Being visible isn’t referring to seeing it with your naked eye. Visible means a direct line-of-sight view of a spot so communications can occur. It also assumes a large sky, such as being in Montana or the open ocean. The more clutter blocking the sky reduces the satellite visibility. This includes hills, mountains, trees, buildings and other obstructions, or being in a low spot like a valley. It is nearly impossible to use satellite equipment in downtown New York City at ground level due to all the buildings.
Medium Earth Orbits are 1240 miles to under 22,236 miles. At this altitude, the satellites orbit the earth in four to six hours. That extends the visibility overhead to about two hours. GPS satellite operate in this orbit.
Geosynchronous Orbits are satellites at 22,236 miles. It takes a full day to orbit the Earth so the satellite will appear in the same spot of the sky once a day.
Geostationary Orbits are satellites at 22,236 miles and parallel to the equator. Since the satellite is moving at the same speed the Earth is rotating and in the same plane as the rotation, the satellite is in the same spot of the sky all the time. This is the most popular orbit to park a satellite in.

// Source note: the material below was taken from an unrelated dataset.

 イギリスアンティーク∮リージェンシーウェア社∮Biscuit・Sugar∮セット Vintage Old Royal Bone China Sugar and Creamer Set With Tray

High Earth Orbits are satellites above 22,236 miles. They are not commonly used for our purposes.
Footprints, beams and look angles
A satellite’s footprint is the circular area on the surface of the Earth that is visible to the satellite. This is the potential area of coverage that the satellite can communicate with. Areas directly under the satellite will receive a stronger signal then those on the fringe areas due to the increased distance and atmospheric interference.
Satellite operators want efficient use of their equipment so they use beams, or specifically focused transceivers, to cover areas within the footprint. Imagine a satellite positioned above the equator roughly centered on the United States. The satellite operator’s intended audience is maritime users. They would focus the beams toward the waters of the Atlantic, Pacific, Gulf and Great Lakes; and away from inland areas knowing that there are few oceangoing freighters in Colorado. No energy is wasted trying to fill a part of the satellite’s footprint where it will never be used. When evaluating a satellite for use, you need to consider the beams and not the total footprint.

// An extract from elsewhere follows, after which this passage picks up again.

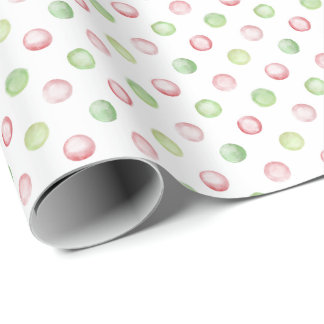 Watercolor Christmas Polka Dot Wrapping Paper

The more transceivers a satellite has, the more traffic it can handle at simultaneously. Satellite operators rate their satellites by the total cumulative traffic it can handle simultaneously through the entire satellite. The other factor when evaluating service is how much traffic a specific beam can handle. In normal daily use, it is hard to overload a single spot beam as the resources are geographically dispersed. A catastrophic disaster will bring many of these resources to a single geographical location; all trying to use the same beam. That is when the beam will be overloaded.
Outages and overloads on satellite services are common during major hurricanes such as Katrina, Rita, Gustav and Ike. This is most common on shared satellite services. Consider the satellite user density that occurs with the convergence of local, state and Federal responders; media and observers; utility companies restoring service; private companies COOPing; and NGOs, CBOs and FBOs responding as well. Many of these rely on some form of satellite service. Paying for dedicated satellite airtime is quite costly especially when they only use it occasionally. Now that a disaster has occurred, they all want to use it at the same time. In many ways, a satellite in orbit is similar to a cell tower: they are designed to maximize revenue efficiently for normal use, and extreme circumstances quickly exceed the designed capacities.

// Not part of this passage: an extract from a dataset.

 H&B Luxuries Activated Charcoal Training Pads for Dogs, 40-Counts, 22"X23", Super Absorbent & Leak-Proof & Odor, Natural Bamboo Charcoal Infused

Finding a satellite in the sky is done through look angles. These measurements are unique based on the observer’s location. With geostationary satellites, the look angles will remain constant so long as the observer’s location remains constant. A look angle is made up of three parts: the azimuth, elevation and polarization. The azimuth is the compass direction (0-360°). The elevation is how high to look up (0-90°). Polarization is rotating the transmitter to align the radio waves with the satellite.
Here’s an exercise. Imagine that we are using Intelsat’s G-18 satellite located at 123° West. This is a geostationary satellite so we know that it will be above the equator and 22,236 miles up. 123° West is near the California coast. If we are in San Francisco, the azimuth would be 180° and elevation 46°. The higher the elevation, the easier it is to clear tree and other obstacles. Move to St. Thomas, USVI; the azimuth is 258° and elevation is 22°. St. Thomas is an island with hilly peaks in the middle so a satellite shot is unlikely from the NE side of the island due to the low look angle. Change our location again to Boston; the azimuth becomes 242° and elevation drops to 19°. The same situation occurs in Maine where the elevation is very close to the horizon. We were lucky during an operation in Maine and setup headquarters at a military airbase that had a runway near the same angle we needed.
Bands and frequencies
Just as two-way radios have a number of different bands with difference characteristics, so do satellites. Satellites operate at higher frequencies then two-way radios. A number of these frequencies are shared with terrestrial services. For example, the S Band (2-4 GHz) includes both satellite radio (Sirius), and Wifi and Bluetooth signals.
Inmarsat BGANs operate on the L-band (1-2 GHz). These are small, easy to point and decent global coverage. The major issue with BGANs is the low data throughput (32 to 256 kbps) and high cost.
C-Band (3.7-8 GHz) is well known for the “direct to home” TV signals using larger dishes of 2 – 3½ meters in diameter. The downside is that C-band has power restrictions and receives interference from microwave services.
Ku-Band (12-18 GHz) doesn’t have the power restrictions of the C-band and is used by the DirecTV system. The main challenge of Ku-band is the nearness to the resonant frequency of water. This means that water absorbs radio waves reducing the strength of the signal. This is commonly called rain fade. If you have DirecTV, you’ve experienced this when your signal goes out during heavy rain storms. The wavelength absorption peaks at 22.2 GHz. For non-technical purposes, think of it this way: The subscript U representing being under this peak. The subscript A of the Ka-band represents being at or above this peak.
These characteristics are important considerations depending how satellite service will be used. A Ku-band service will not help you for communications during the storm, but it will have the fastest speeds before and after the storm. The C-band could work in the storm, but the size of the dish makes portability unlikely and temporary setups risky in high winds. L-band will get through nearly all the time, but only a relatively slow speeds and high cost.